An audit to assess the EU’s use of new imaging technologies to monitor the Common Agricultural Policy (CAP) is being conducted by the European Court of Auditors.

In particular, the auditors will examine the support provided by the European Commission, as well as practices in the member states.

They will also consider the challenges hindering more rapid and extensive deployment of these new technologies.

Each year, member states carry out around 900,000 on-the-spot checks on EU agricultural aid. These, however, cover only about 5% of the aid applicants.

As an alternative, new imaging technologies can provide more comprehensive evidence of farmers’ actual agricultural activities and their compliance with the CAP, according to the court of auditors.

The auditors have published an audit preview on new imaging technologies for agricultural monitoring. Audit previews provide information on an ongoing audit task.

They are designed as a source of information for those interested in the policy or programmes being audited.

The use of new technologies for monitoring should also increase the effectiveness of future CAP environmental and climate measures, the court says.

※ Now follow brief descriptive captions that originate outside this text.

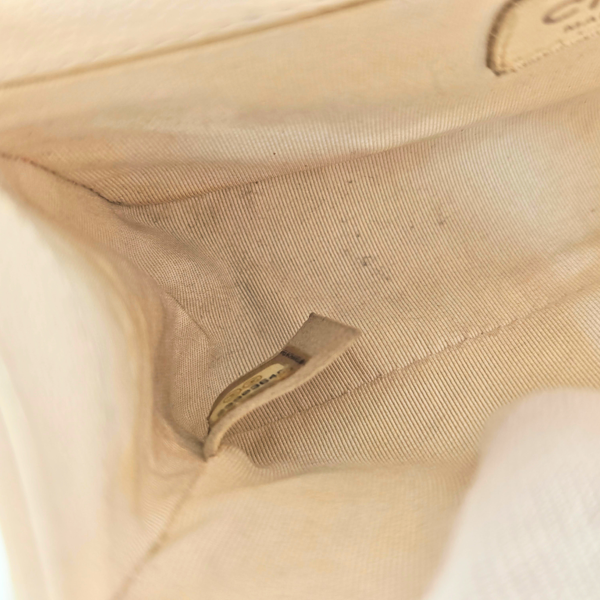 이미지를 갤러리 뷰어에 로드 , CHANEL Mini Boy White Caviar skin Flap Bag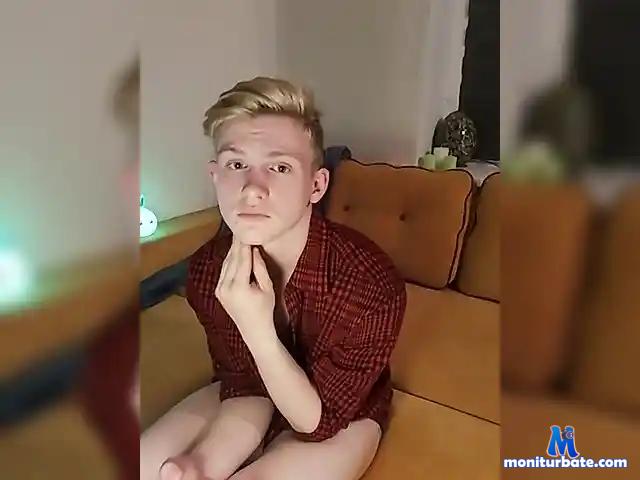 PrettyBoyL bongacams performer couple of 2 males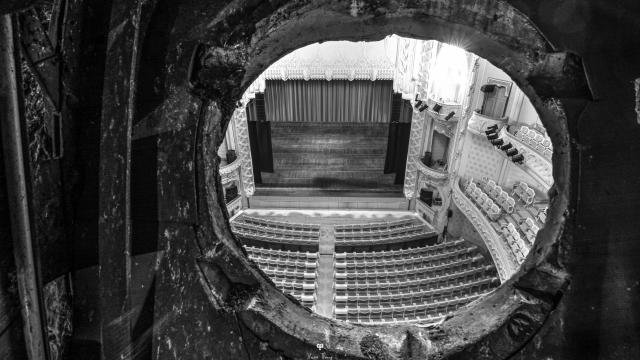 Technical hatch in the dome of the Opera of Vichy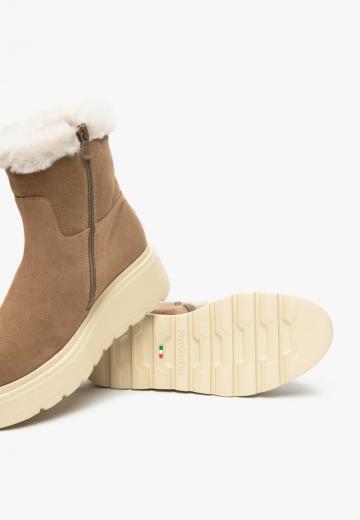 Сапожки на танкетке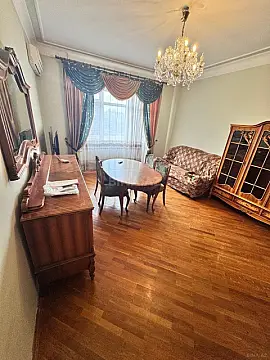 Satılır 2 otaqlı mənzil 88 m²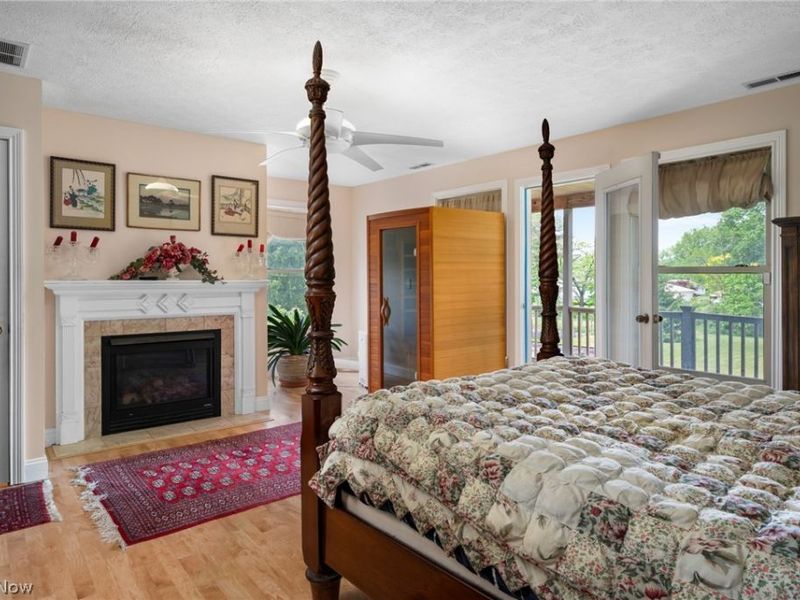 6560 Barton Road, North Olmsted, OH 44070 Photo 19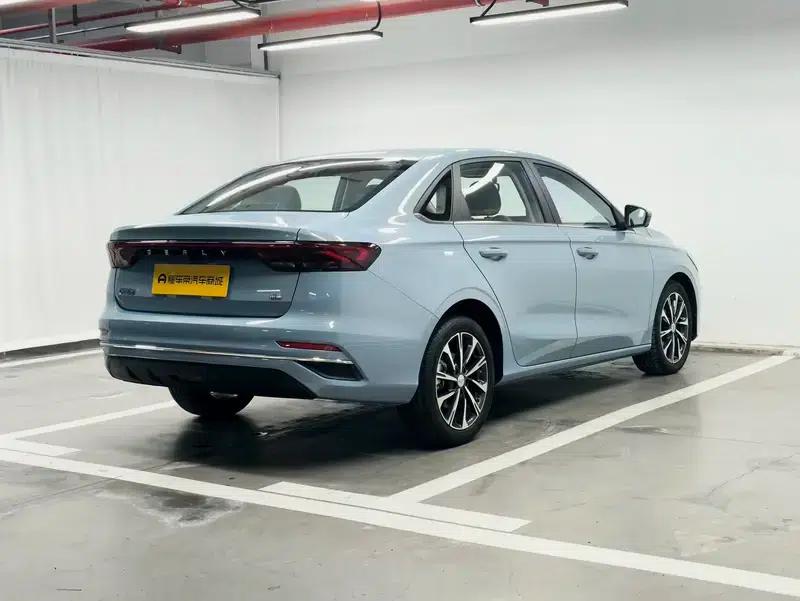 Geely Emgrand 2025 4th Generation 1.5L CVT Flagship Edition — миниатюра 7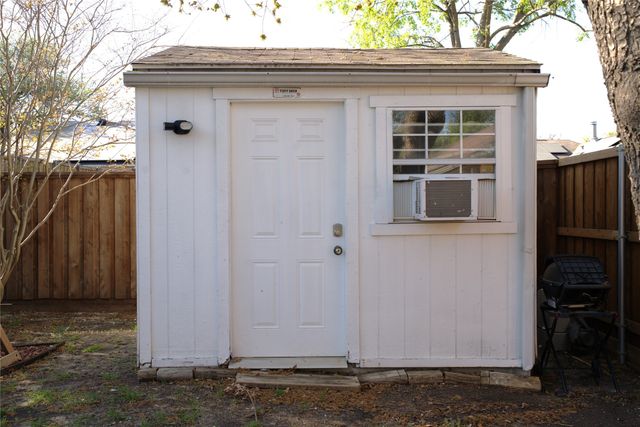 2213 Clearhaven Drive, Garland, TX 75040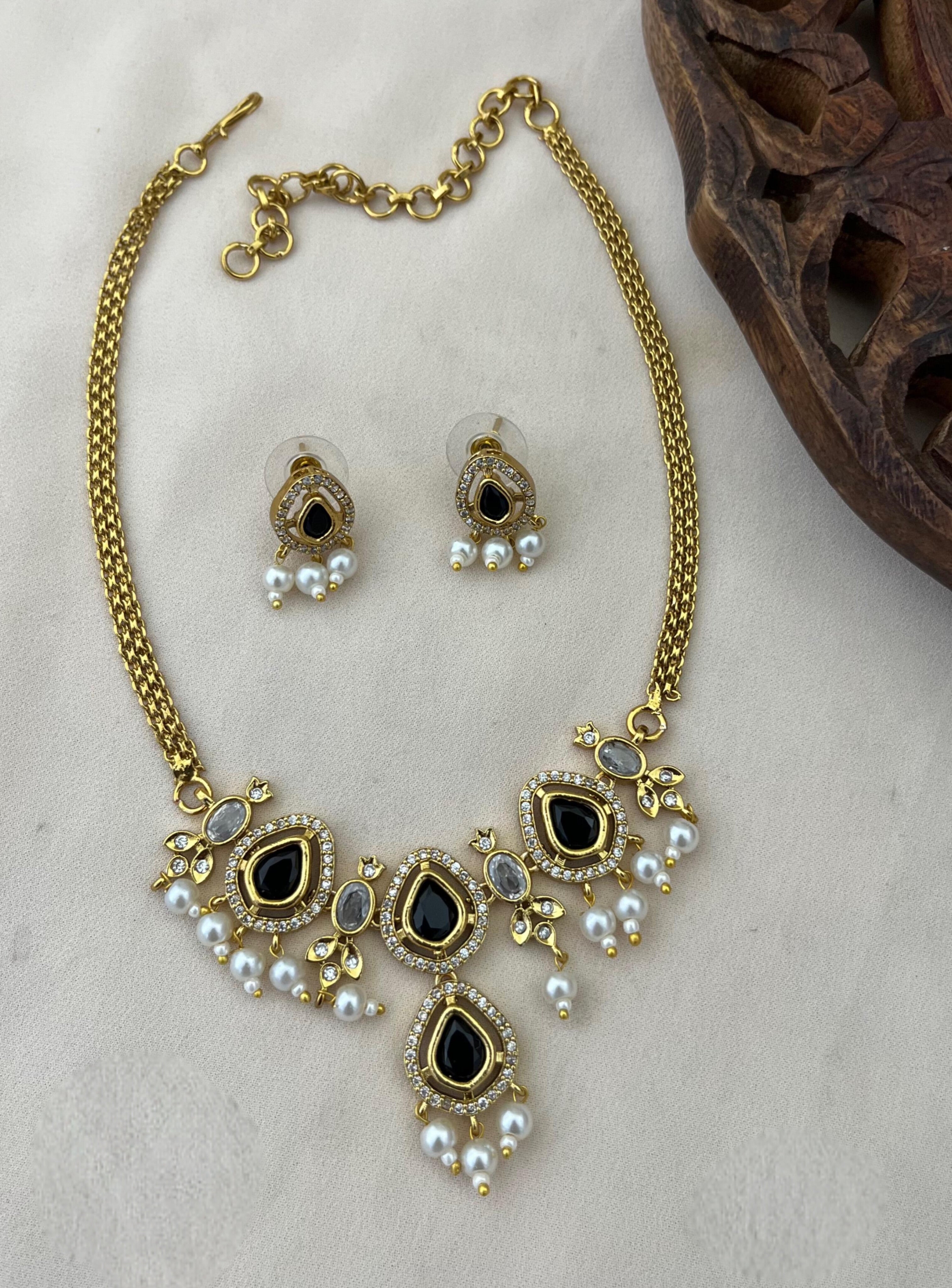Rajsi  Dewdrop Necklace Set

They also have the potential to reduce the costs of controls in member states, while checking more beneficiaries.

For around two years, the EU’s Copernicus Sentinel satellite programme has been providing freely available high-resolution images. Its data can facilitate checks on – for instance – the agricultural activity taking place on parcels, crop classification, or certain ecological focus areas.

Other projects, involving geo-tagged photography, drones and land monitoring solutions, are also being promoted by the commission and the member states.

They all offer opportunities to monitor the CAP in a more comprehensive, cost-efficient and effective way, according to the auditors.

The audit will assess whether the European Commission and the member states have taken steps to unlock the potential of new imaging technologies for CAP monitoring.

In particular, the auditors will examine whether:
  • The commission has encouraged widespread use of those technologies; and
  • Member states have taken action to deploy those technologies.

The audit will include information visits to four member states that have started using satellite imagery for CAP monitoring, namely: Belgium; Denmark; Italy; and Spain.

A report on the audit is expected to be published at the beginning of 2020, according to the court.